The protest against Spencer was centered on his divisive views and writings, which criticize Islam and Muslims heavily. He is the co-founder of Stop Islamization of America, which the Southern Poverty Law Center has defined as a hate group, and runs Jihad Watch, a blog expressing anti-Islam views.

Spencer was invited by Stanford College Republicans to present and discuss his views on Islam. In an open letter to the Stanford Review, the group expressed why he was invited, and underlined that they have the right to do so.

“We reject all attempts to curtail freedom of speech on this campus, especially with respect to an issue as salient as international security,” members of the group wrote. “Furthermore, we will not let the fact that some students take exception to Mr.
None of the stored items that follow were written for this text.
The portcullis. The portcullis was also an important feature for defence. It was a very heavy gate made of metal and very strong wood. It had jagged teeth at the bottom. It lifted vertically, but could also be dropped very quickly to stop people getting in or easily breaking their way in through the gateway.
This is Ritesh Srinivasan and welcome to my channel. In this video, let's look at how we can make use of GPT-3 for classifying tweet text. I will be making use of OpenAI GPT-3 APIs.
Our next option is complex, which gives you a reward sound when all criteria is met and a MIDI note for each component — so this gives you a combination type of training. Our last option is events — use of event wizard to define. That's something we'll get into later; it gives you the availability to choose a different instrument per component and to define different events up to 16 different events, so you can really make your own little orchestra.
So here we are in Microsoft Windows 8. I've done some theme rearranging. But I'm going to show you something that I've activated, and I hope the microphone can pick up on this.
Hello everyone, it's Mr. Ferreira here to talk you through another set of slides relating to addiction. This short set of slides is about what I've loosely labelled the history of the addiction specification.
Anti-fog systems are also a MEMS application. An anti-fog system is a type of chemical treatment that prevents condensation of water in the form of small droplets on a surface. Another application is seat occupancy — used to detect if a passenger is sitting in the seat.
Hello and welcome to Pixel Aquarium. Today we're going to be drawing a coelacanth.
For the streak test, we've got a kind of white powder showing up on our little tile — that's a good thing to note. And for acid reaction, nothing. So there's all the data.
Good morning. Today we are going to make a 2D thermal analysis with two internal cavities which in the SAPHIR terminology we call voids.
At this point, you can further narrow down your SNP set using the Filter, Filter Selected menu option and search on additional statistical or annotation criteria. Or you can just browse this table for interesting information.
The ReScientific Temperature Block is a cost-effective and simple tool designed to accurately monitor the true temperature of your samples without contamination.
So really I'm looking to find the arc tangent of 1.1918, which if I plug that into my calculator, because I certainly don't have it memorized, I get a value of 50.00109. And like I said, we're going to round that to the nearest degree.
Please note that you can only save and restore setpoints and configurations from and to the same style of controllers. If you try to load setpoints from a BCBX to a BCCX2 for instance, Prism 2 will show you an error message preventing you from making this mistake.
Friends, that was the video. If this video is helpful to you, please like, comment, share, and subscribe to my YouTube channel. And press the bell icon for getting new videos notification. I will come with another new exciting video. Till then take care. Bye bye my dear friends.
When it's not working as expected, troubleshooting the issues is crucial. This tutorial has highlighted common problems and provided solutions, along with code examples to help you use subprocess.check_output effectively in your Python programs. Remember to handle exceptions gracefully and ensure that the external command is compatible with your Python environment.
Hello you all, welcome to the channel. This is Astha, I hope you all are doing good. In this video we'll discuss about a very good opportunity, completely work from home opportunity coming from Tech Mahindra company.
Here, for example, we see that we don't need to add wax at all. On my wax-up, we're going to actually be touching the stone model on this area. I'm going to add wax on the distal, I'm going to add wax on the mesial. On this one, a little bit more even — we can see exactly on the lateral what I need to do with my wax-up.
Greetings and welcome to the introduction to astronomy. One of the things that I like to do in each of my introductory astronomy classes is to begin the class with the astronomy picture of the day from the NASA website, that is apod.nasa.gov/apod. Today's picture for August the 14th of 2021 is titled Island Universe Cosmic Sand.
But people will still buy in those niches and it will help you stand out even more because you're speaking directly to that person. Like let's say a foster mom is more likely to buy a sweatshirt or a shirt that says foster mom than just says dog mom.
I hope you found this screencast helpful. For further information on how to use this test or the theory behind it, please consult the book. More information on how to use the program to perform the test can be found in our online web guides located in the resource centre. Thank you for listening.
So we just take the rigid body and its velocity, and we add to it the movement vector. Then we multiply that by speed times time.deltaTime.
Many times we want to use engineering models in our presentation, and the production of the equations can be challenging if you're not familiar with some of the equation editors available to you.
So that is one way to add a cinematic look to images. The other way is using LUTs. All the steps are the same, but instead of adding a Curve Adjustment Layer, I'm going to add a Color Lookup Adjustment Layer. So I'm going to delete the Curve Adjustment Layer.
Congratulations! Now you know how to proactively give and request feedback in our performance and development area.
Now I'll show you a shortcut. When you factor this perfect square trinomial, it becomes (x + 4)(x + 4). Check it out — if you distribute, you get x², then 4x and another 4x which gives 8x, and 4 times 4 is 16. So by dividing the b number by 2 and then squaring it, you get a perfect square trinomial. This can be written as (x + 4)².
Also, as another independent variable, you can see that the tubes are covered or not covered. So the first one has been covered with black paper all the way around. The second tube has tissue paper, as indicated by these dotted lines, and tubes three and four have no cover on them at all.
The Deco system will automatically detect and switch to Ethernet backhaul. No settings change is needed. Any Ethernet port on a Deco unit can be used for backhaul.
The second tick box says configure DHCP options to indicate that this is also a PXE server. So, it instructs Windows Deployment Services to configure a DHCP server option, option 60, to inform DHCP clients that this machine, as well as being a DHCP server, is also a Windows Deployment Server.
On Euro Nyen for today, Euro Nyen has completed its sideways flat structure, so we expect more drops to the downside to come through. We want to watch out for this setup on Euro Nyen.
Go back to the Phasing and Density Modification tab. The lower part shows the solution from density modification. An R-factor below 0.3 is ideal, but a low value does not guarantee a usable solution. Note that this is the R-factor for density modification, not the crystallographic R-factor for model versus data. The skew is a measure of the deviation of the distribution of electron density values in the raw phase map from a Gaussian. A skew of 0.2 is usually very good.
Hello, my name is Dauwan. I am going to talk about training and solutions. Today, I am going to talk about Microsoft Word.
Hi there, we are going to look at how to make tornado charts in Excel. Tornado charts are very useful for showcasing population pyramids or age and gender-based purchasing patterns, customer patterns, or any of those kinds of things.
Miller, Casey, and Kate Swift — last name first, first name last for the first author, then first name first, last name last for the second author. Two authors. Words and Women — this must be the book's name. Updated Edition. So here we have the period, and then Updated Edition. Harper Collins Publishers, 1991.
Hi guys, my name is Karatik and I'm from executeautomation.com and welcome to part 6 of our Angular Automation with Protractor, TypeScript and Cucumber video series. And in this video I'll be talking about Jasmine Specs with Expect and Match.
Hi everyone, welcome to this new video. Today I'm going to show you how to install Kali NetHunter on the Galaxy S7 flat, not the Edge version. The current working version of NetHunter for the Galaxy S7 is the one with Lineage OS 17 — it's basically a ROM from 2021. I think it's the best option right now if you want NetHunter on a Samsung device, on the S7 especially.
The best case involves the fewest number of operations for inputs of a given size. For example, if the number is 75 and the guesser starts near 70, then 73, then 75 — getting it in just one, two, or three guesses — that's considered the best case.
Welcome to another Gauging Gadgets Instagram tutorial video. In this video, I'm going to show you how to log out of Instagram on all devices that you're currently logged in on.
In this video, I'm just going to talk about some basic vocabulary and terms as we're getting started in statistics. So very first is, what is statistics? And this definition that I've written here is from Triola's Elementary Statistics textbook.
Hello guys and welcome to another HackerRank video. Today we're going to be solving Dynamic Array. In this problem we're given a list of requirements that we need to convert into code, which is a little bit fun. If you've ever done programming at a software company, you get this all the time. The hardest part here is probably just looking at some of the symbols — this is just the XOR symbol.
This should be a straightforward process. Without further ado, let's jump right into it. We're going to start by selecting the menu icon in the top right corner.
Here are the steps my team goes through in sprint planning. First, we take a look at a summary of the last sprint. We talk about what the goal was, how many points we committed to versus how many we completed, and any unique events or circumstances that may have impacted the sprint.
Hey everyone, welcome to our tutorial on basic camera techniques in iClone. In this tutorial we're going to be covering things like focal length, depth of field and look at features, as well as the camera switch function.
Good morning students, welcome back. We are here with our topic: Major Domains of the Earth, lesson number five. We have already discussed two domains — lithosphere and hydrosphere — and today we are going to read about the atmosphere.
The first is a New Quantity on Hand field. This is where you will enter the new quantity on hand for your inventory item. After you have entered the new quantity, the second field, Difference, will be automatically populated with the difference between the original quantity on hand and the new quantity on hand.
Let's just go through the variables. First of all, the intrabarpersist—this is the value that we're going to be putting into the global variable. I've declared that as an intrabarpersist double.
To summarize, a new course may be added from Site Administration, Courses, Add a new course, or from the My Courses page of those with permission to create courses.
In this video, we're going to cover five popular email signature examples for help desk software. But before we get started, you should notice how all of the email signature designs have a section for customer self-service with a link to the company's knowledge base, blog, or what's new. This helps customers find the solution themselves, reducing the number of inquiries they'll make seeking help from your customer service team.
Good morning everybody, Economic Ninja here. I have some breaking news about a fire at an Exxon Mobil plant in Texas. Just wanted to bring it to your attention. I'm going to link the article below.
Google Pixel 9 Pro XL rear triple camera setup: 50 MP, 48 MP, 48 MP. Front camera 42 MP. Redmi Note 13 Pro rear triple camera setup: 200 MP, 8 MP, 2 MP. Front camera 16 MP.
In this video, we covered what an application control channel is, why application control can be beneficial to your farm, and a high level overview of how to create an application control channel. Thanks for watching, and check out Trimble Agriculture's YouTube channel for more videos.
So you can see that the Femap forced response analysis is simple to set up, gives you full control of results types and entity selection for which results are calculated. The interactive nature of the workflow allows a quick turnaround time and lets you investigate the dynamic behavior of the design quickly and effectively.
Spencer’s views stop us from providing an important educational experience to the Stanford community.”

Many students, particularly those whom are Muslim, said they felt that giving Spencer a platform to speak was dangerous, and were unhappy about the use of university funds (which includes student tuition) to host Spencer.

Doris Rodriguez, senator of Associated Students of Stanford University and leader of the student-run group Students for the Liberation of All People, spoke to the crowd about the responsibility of students to protest.

“As members of the Stanford community, you have two choices,” Rodriguez said. “You are going to decide to be part of the problem, or part of the solution.”

She stressed that students have to stand up against what they see as hateful views.

“We cannot be speaking from a place of fear, and we have to assert ourselves as students,” Rodriguez said. “We didn’t come to Stanford to listen to hate.”